INFORMATION SHOWN -
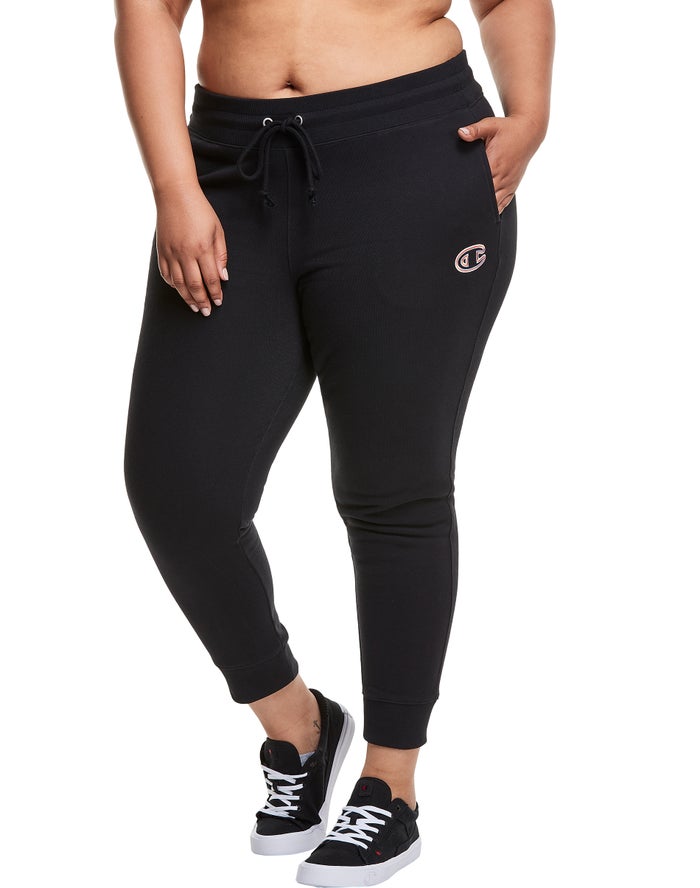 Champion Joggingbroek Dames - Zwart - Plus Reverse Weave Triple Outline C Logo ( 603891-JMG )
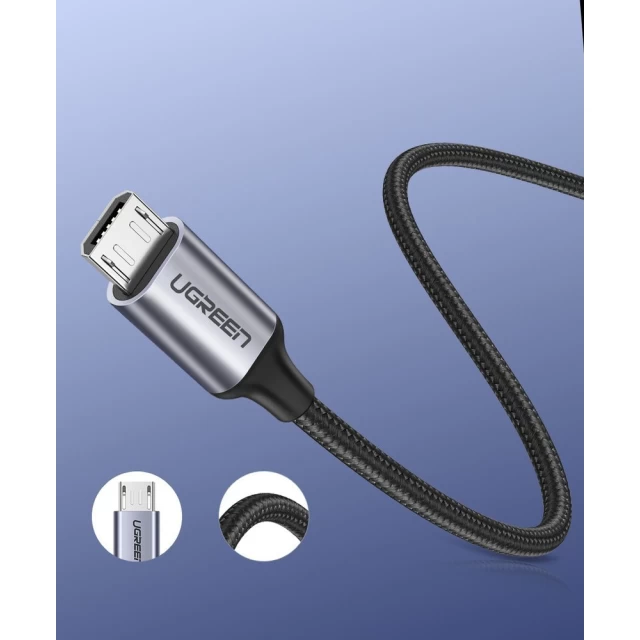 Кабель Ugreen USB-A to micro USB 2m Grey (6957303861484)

--

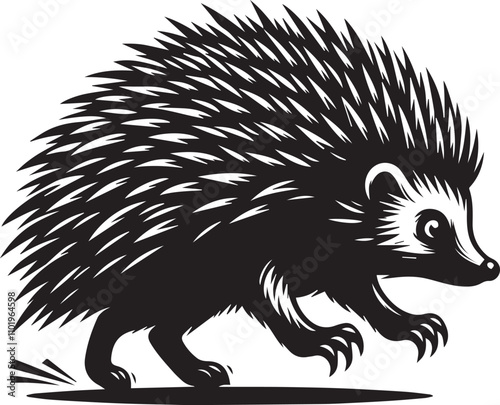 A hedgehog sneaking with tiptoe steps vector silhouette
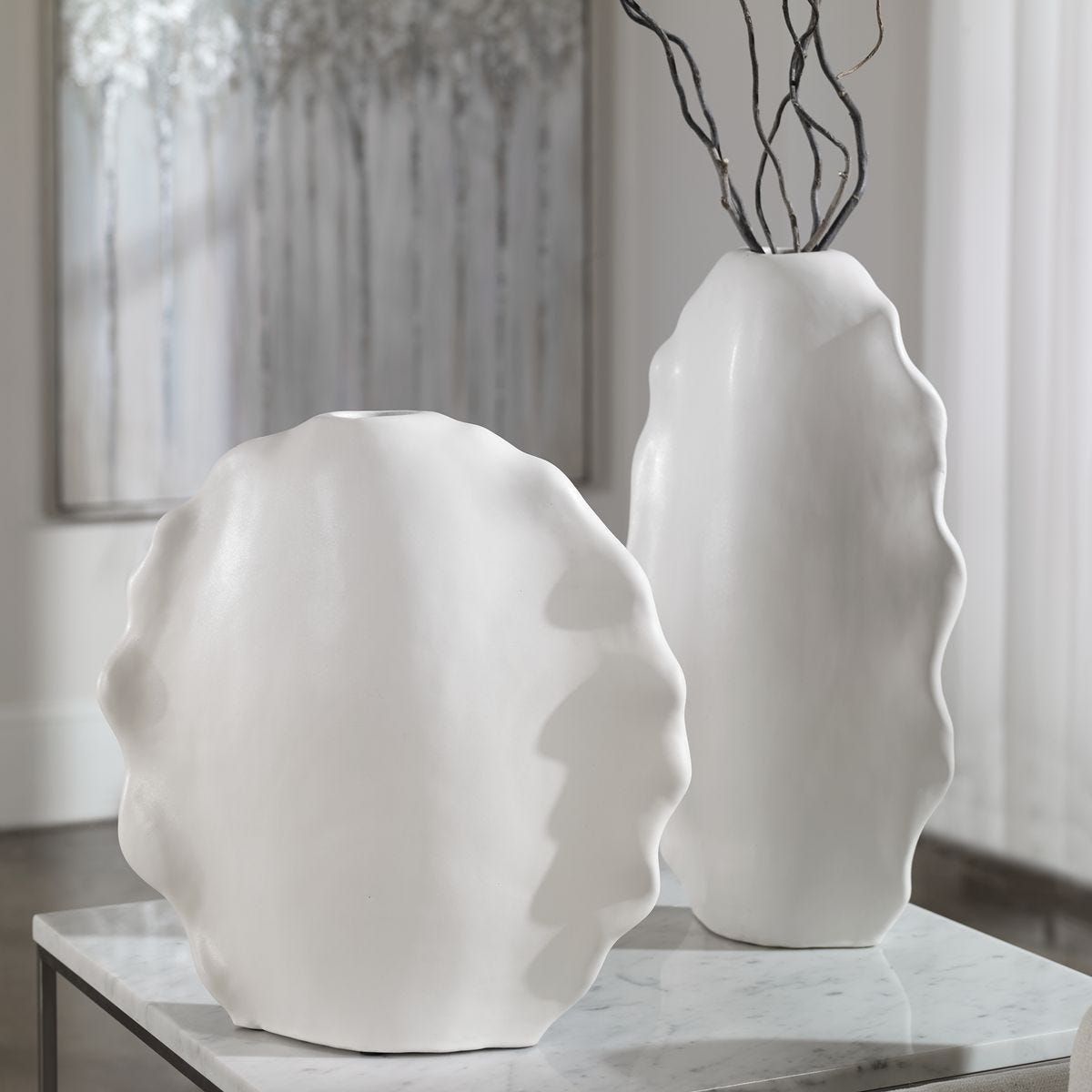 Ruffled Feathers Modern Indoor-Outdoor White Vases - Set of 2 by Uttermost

* * *

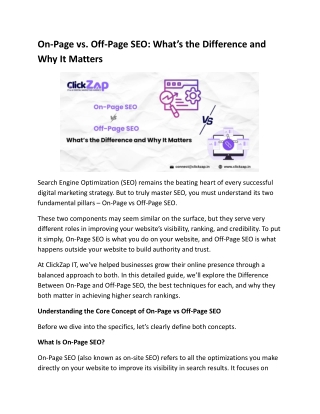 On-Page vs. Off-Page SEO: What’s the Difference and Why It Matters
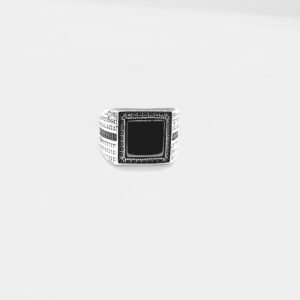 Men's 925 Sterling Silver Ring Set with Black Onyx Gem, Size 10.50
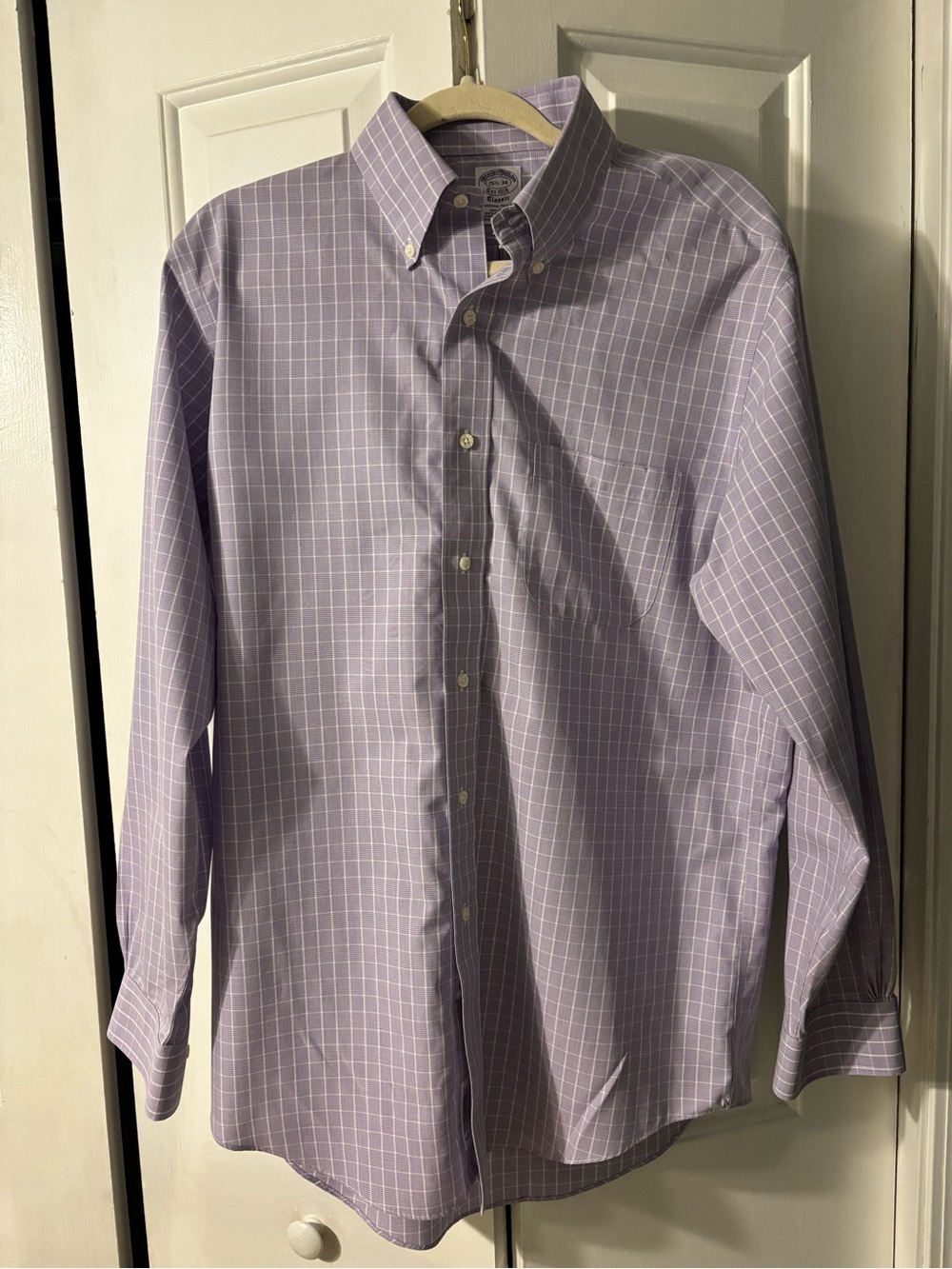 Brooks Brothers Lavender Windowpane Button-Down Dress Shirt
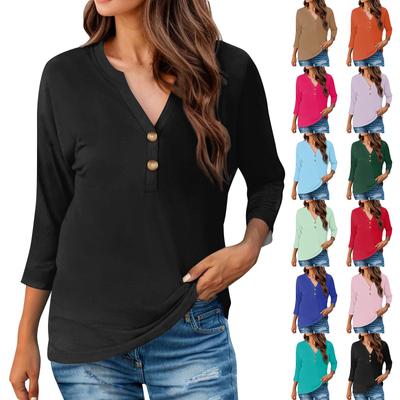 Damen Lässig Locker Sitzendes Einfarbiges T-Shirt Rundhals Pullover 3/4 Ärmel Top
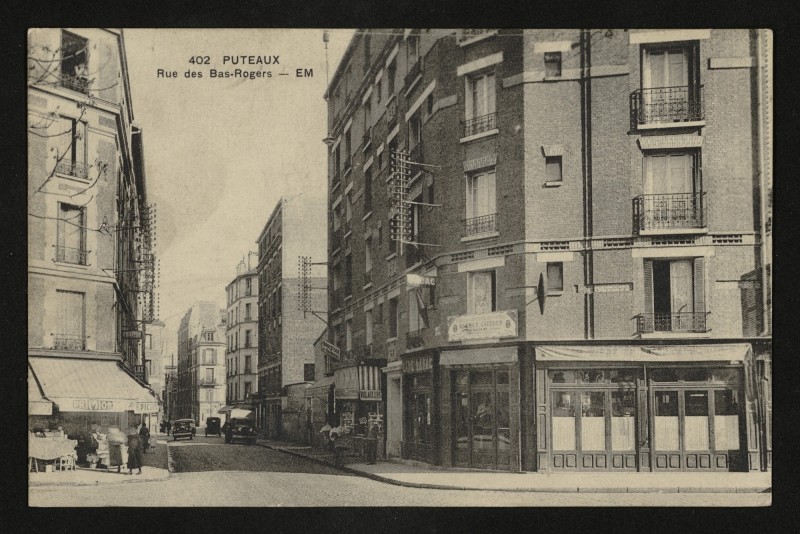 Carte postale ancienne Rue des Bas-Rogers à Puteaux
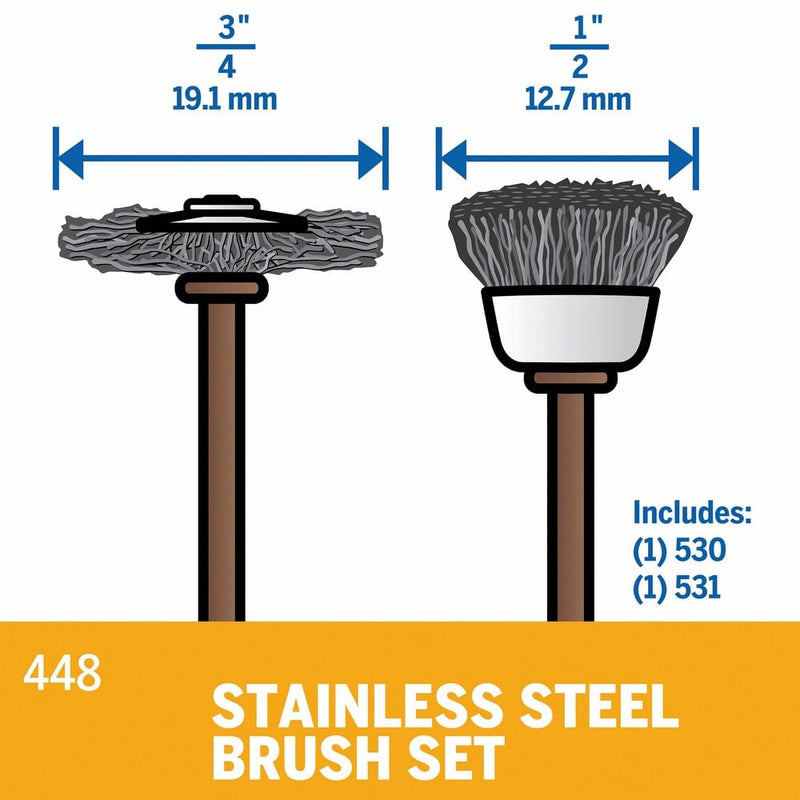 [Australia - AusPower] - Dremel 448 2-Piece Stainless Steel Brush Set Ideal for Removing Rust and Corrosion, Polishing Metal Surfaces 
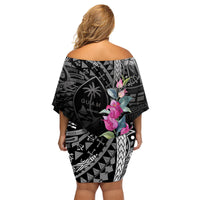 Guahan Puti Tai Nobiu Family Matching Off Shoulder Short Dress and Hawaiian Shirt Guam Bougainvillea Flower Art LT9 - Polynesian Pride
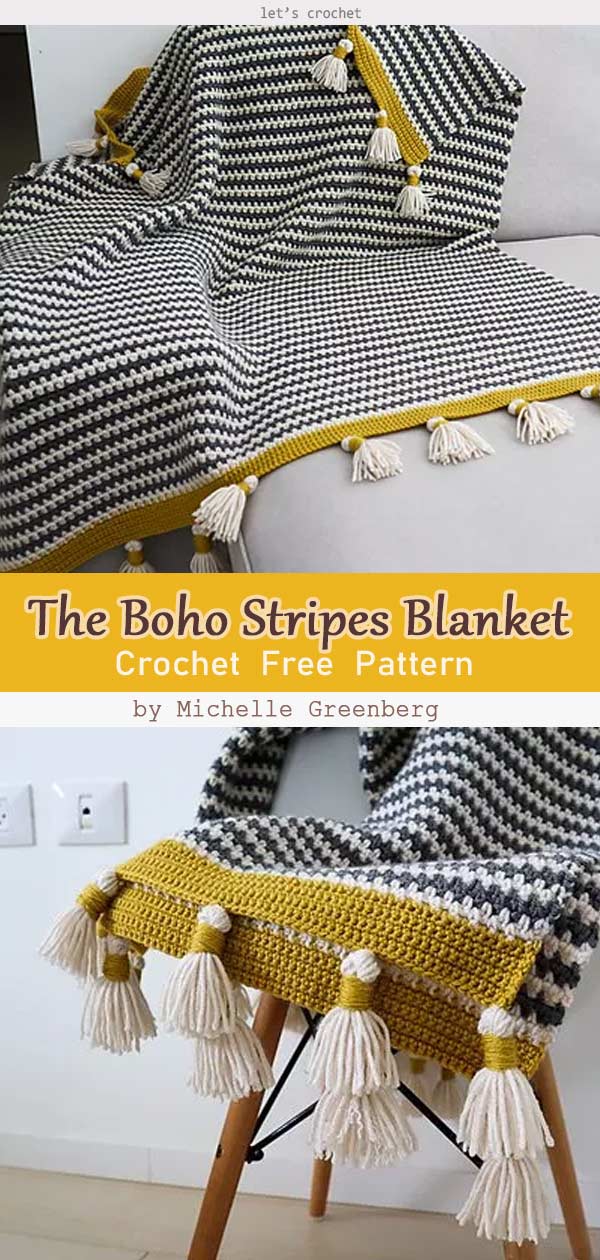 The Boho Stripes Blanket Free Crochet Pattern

WHAT THE TASK REQUIRES -
What are the lines above from the one with "Champion Joggingbroek Dames" to the one with "Кабель Ugreen USB-A", both included? Reproduce them exactly, without pictures.

RESULT BELOW -
 Champion Joggingbroek Dames - Zwart - Plus Reverse Weave Triple Outline C Logo ( 603891-JMG )
 Кабель Ugreen USB-A to micro USB 2m Grey (6957303861484)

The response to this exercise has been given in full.